When the cloths were not being kept wet in an earthen pot for poppies, the clothlets were generally dried and stored in a dark place out of the air. A couple times a canvas bag is mentioned in Middle English recipes that also call for canvas or broadcloth to be used as the clothlet. Clothlets are to be stored in a leather bag in one recipe. Several manuscripts call for a box or a wooden box as the storage device. Clothlets are also to be stored in paper or between the pages of a book. De Arte Illuminandi instructs that a glass jar to be used, but also says a box may be used.

Binder

A binder, a sticky substance that sticks the pigment to the page, may be used in the production of the clothlet or when soaking a dry clothlet to extract the pigment. When a binder is used, gum or gum Arabic is used more often or as opposed to glair.
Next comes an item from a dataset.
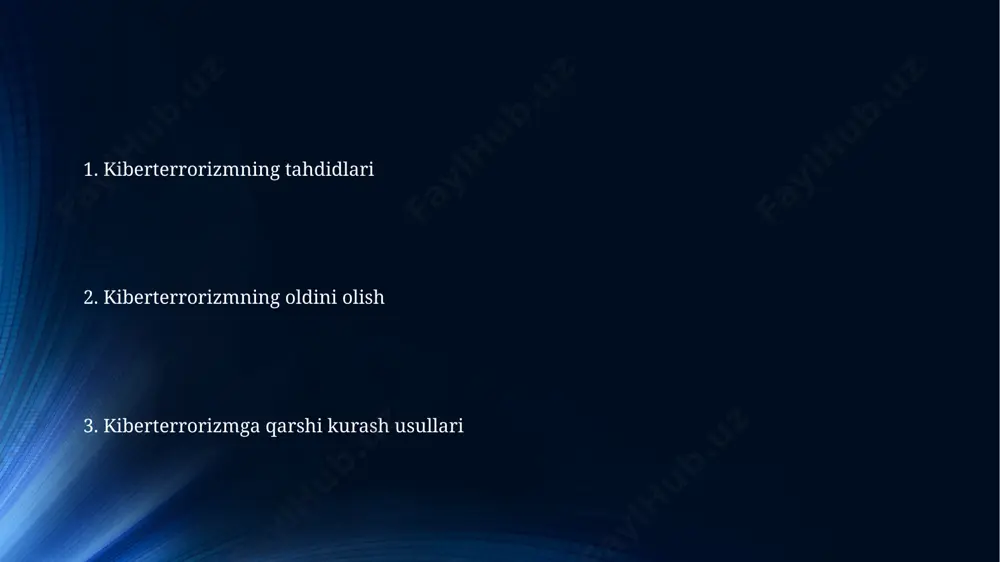 hi va moliyaviy yo'qotishlar 70% gacha yetishi mumkin. kiberhujumlar natijasida davlat sirlarining oshkor bo'lishi, siyosiy beqarorlikning kuchayishi va xalqaro munosabatlarning keskinlashuvi kuzatiladi. kiberhujumlarning maqsadlari muhim ma'lumotlarni, masalan, harbiy sirlarni yoki moliyaviy axborotlarni o'g'irlash, shuningdek, 500 dan ortiq kompaniyaning ma'lumotlar bazasiga kirish orqali raqobatbardosh ustunlikni olish ham kiberhujumlarning asosiy maqsadlaridan biri hisoblanadi. kiberhujumlarning asosiy maqsadlaridan biri – davlat infratuzilmasiga, jumladan, energiya ta'minoti, transport va aloqa tizimlariga zarar yetkazish orqali ijtimoiy tartibsizlik va iqtisodiy zarar keltirishdir, bu esa milliardlab dollar zarar keltirishi mumkin. kelajakdagi tahdidlar kelajakda kvant kompyuterlarning rivojlanishi 10 yil ichida shifrlash algoritmlarini buzishga va keng ko'lamli kiberhujumlarni amalga oshirishga imkon beradi, bu esa milliy xavfsizlikka jiddiy tahdid soladi. iot qurilmalarining soni 2030 yilda 25 milliarddan oshishi, ularning zaifligi tufayli katta miqyosdagi ddos hujumlarini amalga oshirish va muhim ma'lumotlarni o'g'irlash imkoniyatini beradi. kiberxavfsizlik choralari tarmoqdagi xavfsizlik devorlari va intruzion aniqlash tizimlari (ids/ips) kabi 3 ta asosiy kiberxavfsizlik vositalarini birgalikda qo'llash, tashqi …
To make a clothlet or another type of pigment?

Some manuscripts are full of clothlet recipes while others are devoid of them. The Strasbourg Manuscript and many Middle English manuscripts contain a wealth of clothlet recipes. Italian pigment manuscripts seem to be filled with recipes on making lake pigments, but few clothlets. This may be due to Italian artists wanting something different from their pigments, or merely that I have not found many Italian clothlet recipes yet. Il Libro dell’ Arte, written in fourteenth century Italy, has plenty of pigment instructions but no recipes for clothlets. The book does mention the use of clothlets on parchment or as washes for drawings.

Some manuscripts take the botanical materials that are sometimes used in clothlets and make a powdered pigment from them. One example of this is the Trinity Encyclopedia with one of the recipes here:

Recipe 48 Another manner of azure bice

Yet another manner of azure bice. In this way. Take nice white powder of burnt alabaster, and of nice white lead, and of nice Bagdad indigo that is bright, the same amount of each of these three, and mix them together with the juice of turnsole or else with the juice of blue cornflower. And when they are mixed well together, take them and put them in a urinal or else in a good large jordan of glass, and seal it fast, and put it to dry up in the sun or in the air. And when it is fully dried take it out of the glass, and grind it on a clean stone all to fine powder, and then it is done.

Clarke, M. (2018). Tricks of the Medieval Trades:: A Collection of 14th Century English Craft Recipes. Archetype Books.

I will continue to be on the lookout for clothlet recipes, but learned a great deal breaking down the recipes to really understand how clothlets were made, used, and stored.